In this formulation, $f_h$ and ${\psi }_h$ are, respectively, piecewise linear approximations of f in ${\mathsf{\Omega }}_h$ and $\psi$ on $\partial {\mathsf{\Omega }}_h$. The first two integrals in (52) may be calculated using the trapezoidal rule on each triangle $T\in {\tau }_h$, since ${\int }_{{\mathsf{\Omega }}_h}={\sum }_{T\in {\mathcal{T}}_h}{\int }_T$.

The various discrete linear elliptic problems occurring in (45)–(48) are all associated with the same matrix, differing only by their right-hand sides. This matrix is sparse, symmetric and positive semidefinite, then singular. However, the corresponding linear system can be solved by a sparse Cholesky solver after fixing to zero the value of the unknown function at one node of the mesh. In the end, we subtract the mean value of the numerical solution (as indicated above, in Remark 2).

4.2. Analytic Solution to Forward and Inverse Problems in a Circular Domain

For the special case when the domain is circular, we can compute an analytic solution to the forward and inverse problem using the Fourier series method. The numerical results obtained with this method are used to validate the algorithm proposed above.

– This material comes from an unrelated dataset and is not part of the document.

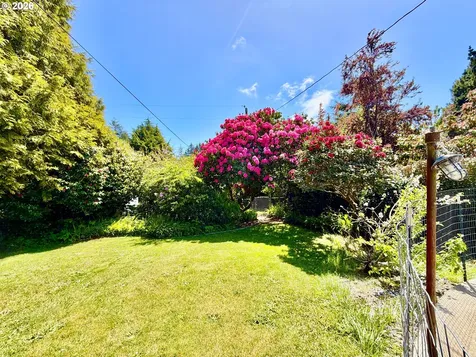 433 Fir Street Brookings OR 97415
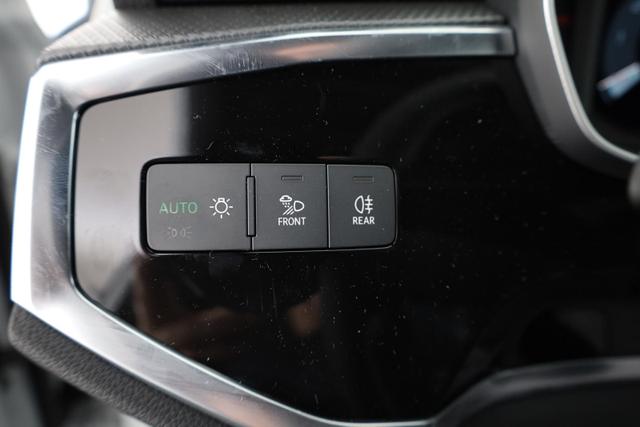 Audi Q3 Sportback 45 TFSI quattro S line qu S-LINE, AHK, 19-Zoll, Optik schwarz, Navi, Kamera, el. Klappe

For instance, when $\mathsf{\Omega }={\overline{\mathsf{\Omega }}}_1\cup {\overline{\mathsf{\Omega }}}_2\cup {\mathsf{\Omega }}_3$ and ${\mathsf{\Omega }}_1$ is a circular domain of radius $R_1$, ${\mathsf{\Omega }}_2$ is a circular annular domain with interior radius $R_1$ and exterior radius $R_2$, and ${\mathsf{\Omega }}_3$ is a circular annular domain with interior radius $R_2$ and exterior radius $R_3$, a harmonic source $f\in \mathcal{U}$ has the following representation with circular harmonics:

$$f(r,\theta )=\sum _{k=1}^{\infty }{f}_k^1{r}^{k}cosk\theta +f_k^2{r}^{k}sink\theta ,\mathrm{for}\mathrm{all}(r,\theta )\in [0,R_1]\times [0,2\pi ],$$

(53)

where $f_k^1={〈f(r,\theta ),cosk\left(\theta \right)〉}_{L_2\left({\mathsf{\Omega }}_1\right)}$ and $f_k^2={〈f(r,\theta ),sink\left(\theta \right)〉}_{L_2\left({\mathsf{\Omega }}_1\right)}$, $k=1,2,\dots$, are its Fourier coefficients.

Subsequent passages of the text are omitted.